Bill C-51 needs to be scrapped



Bill C-51 gives our Canadian Government, police and CSIS extraordinary, vague and unnecessary powers.

Editor:

Bill C-51 gives our Canadian Government, police and CSIS extraordinary, vague and unnecessary powers without a compensating increase in oversight. The lack of accountability and transparency is dangerous and poses a risk to the civil rights and privacy rights of Canadians.

In a normal world, there would be a court case and you would be present there to hear complaints against you and you would have a lawyer who would be representing you.

However, under this legislation, you’re not allowed there, and neither is your lawyer. Instead, a Canadian Security Intelligence Service agents and a judge will be deciding your fate.

There is no appeal mechanism.
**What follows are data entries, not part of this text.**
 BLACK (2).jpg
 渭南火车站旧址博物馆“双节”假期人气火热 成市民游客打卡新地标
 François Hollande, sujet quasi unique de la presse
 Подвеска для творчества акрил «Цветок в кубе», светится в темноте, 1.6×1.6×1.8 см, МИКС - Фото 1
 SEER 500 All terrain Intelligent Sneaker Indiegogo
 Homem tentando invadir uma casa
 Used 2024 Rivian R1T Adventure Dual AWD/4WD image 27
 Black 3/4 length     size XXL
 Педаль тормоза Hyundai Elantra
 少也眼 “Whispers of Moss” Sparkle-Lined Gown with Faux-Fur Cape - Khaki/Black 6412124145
In fact, you wouldn’t even know that you are being investigated and your future is being decided by total strangers because someone has called police telling them they do not like you and you look or act strange.

What if they make a mistake?  How are you going to defend yourself?

Who will be watching the watchers?

If you dislike what the government is doing and you speak out against it, you may be considered dangerous, so this bill poses a threat to free expression and human rights in Canada.

This bill can turn Canada into a police state.  We are all becoming the enemy and we’re not.

We do not want to give up privacy, freedom and our human rights for a false sense of security that no government, no police and no security agents can provide for us.

This is a fight with an invisible enemy, so the security agents and police will be asking for more resources, more tools and more freedom to do what they deem necessary to “protect” us.   Costs outweigh the benefits, so no, thank you.